(Provided data Opens)

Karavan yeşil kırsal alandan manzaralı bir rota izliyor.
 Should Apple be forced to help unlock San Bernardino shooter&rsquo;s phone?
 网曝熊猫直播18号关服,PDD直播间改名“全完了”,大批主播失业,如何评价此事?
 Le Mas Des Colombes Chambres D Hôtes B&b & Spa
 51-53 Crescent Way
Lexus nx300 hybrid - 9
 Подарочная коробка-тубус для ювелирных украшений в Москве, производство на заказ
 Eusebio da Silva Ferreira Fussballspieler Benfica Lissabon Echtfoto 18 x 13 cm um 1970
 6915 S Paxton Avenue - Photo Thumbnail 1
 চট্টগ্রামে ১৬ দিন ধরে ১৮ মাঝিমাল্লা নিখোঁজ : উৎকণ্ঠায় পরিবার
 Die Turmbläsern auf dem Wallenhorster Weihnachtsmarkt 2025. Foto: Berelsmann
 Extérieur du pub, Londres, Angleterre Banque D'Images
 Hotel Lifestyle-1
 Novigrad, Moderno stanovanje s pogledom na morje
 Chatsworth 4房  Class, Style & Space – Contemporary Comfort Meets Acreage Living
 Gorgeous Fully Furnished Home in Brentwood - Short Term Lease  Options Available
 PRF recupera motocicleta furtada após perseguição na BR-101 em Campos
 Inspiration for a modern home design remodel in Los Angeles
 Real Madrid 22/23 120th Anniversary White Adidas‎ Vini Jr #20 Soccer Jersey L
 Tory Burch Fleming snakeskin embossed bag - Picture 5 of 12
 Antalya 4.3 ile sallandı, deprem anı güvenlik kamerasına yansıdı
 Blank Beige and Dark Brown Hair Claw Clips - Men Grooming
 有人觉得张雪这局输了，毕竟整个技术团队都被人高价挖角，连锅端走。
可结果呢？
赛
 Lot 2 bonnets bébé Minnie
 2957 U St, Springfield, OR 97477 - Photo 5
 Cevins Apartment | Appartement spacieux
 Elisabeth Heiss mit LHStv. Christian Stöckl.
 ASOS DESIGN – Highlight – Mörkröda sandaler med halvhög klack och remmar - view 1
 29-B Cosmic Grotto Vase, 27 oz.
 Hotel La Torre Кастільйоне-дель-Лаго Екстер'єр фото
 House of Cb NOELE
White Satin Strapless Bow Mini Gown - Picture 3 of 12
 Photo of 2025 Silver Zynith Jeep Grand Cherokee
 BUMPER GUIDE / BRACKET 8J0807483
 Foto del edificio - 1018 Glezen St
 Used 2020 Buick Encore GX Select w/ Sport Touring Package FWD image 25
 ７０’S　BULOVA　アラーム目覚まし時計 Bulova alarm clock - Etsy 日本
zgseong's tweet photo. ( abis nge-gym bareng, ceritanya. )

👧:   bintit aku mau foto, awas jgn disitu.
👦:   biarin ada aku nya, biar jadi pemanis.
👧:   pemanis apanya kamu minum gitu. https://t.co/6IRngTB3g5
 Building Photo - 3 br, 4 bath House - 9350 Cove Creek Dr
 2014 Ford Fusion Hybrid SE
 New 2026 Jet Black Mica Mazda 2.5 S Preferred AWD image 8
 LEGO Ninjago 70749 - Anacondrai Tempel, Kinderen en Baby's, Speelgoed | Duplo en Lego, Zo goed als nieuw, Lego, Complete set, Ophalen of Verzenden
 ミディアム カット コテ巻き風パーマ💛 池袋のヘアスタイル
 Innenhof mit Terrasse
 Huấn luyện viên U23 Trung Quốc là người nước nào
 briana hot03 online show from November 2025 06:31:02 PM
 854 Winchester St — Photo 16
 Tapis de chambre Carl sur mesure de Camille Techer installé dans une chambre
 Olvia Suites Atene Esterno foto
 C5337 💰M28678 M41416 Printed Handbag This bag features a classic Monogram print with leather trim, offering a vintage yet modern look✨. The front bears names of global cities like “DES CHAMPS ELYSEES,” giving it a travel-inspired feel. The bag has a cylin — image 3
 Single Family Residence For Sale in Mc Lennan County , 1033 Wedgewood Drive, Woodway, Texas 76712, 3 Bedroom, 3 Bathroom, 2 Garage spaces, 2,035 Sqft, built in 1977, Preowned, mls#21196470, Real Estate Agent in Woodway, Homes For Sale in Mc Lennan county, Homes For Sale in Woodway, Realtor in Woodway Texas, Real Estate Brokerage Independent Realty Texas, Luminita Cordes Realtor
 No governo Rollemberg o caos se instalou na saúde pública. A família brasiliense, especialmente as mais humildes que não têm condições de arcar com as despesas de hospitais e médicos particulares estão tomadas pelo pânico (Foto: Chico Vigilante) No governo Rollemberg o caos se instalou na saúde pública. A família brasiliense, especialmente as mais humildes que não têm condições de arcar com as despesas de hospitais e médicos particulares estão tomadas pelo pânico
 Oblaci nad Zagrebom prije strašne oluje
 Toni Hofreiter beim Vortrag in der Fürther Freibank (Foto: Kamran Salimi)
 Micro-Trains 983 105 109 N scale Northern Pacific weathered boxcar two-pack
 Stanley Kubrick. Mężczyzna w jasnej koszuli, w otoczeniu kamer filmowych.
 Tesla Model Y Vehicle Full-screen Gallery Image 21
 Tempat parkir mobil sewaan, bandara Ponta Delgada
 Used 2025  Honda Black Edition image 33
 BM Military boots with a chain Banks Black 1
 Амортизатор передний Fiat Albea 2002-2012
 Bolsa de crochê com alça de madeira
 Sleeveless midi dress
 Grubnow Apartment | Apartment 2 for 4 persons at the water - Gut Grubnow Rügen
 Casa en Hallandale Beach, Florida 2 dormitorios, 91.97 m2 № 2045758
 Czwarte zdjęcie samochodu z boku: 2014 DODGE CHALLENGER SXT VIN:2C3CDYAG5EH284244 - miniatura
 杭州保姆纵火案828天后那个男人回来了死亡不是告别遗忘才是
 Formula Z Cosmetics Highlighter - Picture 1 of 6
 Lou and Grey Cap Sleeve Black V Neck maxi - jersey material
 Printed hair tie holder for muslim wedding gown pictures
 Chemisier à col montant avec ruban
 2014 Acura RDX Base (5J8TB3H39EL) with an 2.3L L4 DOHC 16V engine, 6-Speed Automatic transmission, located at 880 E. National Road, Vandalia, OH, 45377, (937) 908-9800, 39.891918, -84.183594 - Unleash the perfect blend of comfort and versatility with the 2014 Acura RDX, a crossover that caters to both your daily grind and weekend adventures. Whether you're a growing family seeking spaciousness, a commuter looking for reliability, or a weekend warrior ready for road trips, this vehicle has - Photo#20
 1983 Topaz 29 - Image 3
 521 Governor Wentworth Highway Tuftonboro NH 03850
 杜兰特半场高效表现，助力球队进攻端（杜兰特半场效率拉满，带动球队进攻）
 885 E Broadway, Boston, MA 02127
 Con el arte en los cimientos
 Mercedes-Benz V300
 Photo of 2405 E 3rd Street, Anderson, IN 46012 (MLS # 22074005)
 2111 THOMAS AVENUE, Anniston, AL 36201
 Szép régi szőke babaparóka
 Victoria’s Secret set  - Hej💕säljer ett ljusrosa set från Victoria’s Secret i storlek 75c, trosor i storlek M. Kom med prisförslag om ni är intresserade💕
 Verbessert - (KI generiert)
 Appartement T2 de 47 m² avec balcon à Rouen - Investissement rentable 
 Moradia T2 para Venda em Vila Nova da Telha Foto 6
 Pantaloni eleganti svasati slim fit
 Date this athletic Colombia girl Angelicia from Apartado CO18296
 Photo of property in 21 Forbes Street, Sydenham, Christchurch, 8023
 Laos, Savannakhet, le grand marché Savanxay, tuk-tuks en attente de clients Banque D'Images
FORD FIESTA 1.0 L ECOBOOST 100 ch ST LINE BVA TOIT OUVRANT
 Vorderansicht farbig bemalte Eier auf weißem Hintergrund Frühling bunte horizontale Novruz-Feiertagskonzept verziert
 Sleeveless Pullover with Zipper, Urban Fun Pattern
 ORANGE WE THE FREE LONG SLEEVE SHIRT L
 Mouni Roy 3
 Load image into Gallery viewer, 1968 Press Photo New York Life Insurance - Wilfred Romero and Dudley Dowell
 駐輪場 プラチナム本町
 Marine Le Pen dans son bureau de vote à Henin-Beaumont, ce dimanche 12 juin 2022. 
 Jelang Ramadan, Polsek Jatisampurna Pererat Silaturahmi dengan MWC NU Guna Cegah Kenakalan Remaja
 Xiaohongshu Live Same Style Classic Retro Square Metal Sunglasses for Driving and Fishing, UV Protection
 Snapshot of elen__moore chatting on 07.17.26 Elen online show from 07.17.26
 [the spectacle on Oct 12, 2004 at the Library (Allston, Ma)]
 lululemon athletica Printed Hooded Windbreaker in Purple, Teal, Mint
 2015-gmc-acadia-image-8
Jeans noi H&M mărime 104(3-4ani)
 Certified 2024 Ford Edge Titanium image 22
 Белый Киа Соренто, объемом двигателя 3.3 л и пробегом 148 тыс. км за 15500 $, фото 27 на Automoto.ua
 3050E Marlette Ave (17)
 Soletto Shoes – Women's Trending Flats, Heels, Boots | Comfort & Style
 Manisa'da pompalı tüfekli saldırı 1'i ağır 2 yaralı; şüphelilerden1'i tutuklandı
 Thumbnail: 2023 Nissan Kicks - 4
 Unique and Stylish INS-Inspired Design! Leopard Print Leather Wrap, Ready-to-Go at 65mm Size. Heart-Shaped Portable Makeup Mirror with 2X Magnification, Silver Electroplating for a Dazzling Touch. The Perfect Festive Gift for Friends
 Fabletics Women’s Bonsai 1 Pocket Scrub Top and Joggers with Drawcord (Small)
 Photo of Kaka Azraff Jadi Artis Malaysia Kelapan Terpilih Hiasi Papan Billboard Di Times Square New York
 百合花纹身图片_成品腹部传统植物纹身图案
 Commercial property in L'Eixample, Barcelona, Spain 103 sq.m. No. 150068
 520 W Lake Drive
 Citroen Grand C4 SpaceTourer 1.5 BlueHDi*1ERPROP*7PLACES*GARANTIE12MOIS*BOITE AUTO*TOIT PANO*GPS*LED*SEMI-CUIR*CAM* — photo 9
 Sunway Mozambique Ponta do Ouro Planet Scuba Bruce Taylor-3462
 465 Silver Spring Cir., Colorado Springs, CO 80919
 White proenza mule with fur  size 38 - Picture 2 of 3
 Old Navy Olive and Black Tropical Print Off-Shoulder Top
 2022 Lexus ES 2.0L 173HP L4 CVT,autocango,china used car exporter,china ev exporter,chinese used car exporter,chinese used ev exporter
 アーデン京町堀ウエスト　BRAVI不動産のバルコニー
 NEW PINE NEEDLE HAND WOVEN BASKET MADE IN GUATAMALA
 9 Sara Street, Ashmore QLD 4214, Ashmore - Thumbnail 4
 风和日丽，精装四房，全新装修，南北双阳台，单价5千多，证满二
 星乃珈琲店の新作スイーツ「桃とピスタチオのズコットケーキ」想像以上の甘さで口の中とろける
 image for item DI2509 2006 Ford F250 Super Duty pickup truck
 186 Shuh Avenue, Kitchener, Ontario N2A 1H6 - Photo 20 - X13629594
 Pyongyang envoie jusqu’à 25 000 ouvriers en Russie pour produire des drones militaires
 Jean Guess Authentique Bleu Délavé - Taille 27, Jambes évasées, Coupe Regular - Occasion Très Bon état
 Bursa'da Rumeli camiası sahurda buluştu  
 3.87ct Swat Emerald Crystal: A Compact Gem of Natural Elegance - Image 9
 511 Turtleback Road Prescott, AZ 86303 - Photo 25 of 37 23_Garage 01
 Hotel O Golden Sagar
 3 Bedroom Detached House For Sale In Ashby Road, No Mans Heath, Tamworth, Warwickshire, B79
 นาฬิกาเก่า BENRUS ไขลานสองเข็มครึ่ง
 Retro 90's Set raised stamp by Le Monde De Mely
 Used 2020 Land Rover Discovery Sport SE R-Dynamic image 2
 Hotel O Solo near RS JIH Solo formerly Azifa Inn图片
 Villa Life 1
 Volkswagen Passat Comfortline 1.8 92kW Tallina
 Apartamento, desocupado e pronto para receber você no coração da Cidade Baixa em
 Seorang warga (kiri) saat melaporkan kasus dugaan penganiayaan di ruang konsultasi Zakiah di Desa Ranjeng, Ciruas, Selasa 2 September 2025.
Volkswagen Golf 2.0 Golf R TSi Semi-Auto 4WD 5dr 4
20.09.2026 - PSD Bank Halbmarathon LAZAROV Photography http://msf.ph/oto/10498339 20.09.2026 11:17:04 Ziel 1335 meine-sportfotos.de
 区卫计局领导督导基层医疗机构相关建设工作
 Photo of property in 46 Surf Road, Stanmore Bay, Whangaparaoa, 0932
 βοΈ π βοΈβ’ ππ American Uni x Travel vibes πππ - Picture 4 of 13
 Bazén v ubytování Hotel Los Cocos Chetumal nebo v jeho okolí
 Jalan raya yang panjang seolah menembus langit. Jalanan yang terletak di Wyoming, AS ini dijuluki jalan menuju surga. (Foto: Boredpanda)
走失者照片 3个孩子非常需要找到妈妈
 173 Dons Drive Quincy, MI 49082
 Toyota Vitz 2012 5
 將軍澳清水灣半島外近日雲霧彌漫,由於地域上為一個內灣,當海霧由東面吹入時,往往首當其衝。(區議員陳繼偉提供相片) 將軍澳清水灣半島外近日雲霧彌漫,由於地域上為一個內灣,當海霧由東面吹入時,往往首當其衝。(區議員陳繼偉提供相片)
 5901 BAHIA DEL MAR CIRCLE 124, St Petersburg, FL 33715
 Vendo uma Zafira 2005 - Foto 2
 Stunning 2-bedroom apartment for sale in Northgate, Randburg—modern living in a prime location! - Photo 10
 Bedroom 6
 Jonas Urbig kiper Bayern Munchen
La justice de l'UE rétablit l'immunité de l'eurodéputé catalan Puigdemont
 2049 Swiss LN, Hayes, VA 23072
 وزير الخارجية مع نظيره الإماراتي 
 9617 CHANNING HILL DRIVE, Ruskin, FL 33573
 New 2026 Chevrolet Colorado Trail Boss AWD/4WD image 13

(Provided data Closes)

§ Directions
From the records above, extract exactly and only the lines that begin at the line with "Unique and Stylish" and stop after the line with "NEW PINE NEEDLE".

§ Written reply
 Unique and Stylish INS-Inspired Design! Leopard Print Leather Wrap, Ready-to-Go at 65mm Size. Heart-Shaped Portable Makeup Mirror with 2X Magnification, Silver Electroplating for a Dazzling Touch. The Perfect Festive Gift for Friends
 Fabletics Women’s Bonsai 1 Pocket Scrub Top and Joggers with Drawcord (Small)
 Photo of Kaka Azraff Jadi Artis Malaysia Kelapan Terpilih Hiasi Papan Billboard Di Times Square New York
 百合花纹身图片_成品腹部传统植物纹身图案
 Commercial property in L'Eixample, Barcelona, Spain 103 sq.m. No. 150068
 520 W Lake Drive
 Citroen Grand C4 SpaceTourer 1.5 BlueHDi*1ERPROP*7PLACES*GARANTIE12MOIS*BOITE AUTO*TOIT PANO*GPS*LED*SEMI-CUIR*CAM* — photo 9
 Sunway Mozambique Ponta do Ouro Planet Scuba Bruce Taylor-3462
 465 Silver Spring Cir., Colorado Springs, CO 80919
 White proenza mule with fur  size 38 - Picture 2 of 3
 Old Navy Olive and Black Tropical Print Off-Shoulder Top
 2022 Lexus ES 2.0L 173HP L4 CVT,autocango,china used car exporter,china ev exporter,chinese used car exporter,chinese used ev exporter
 アーデン京町堀ウエスト　BRAVI不動産のバルコニー
 NEW PINE NEEDLE HAND WOVEN BASKET MADE IN GUATAMALA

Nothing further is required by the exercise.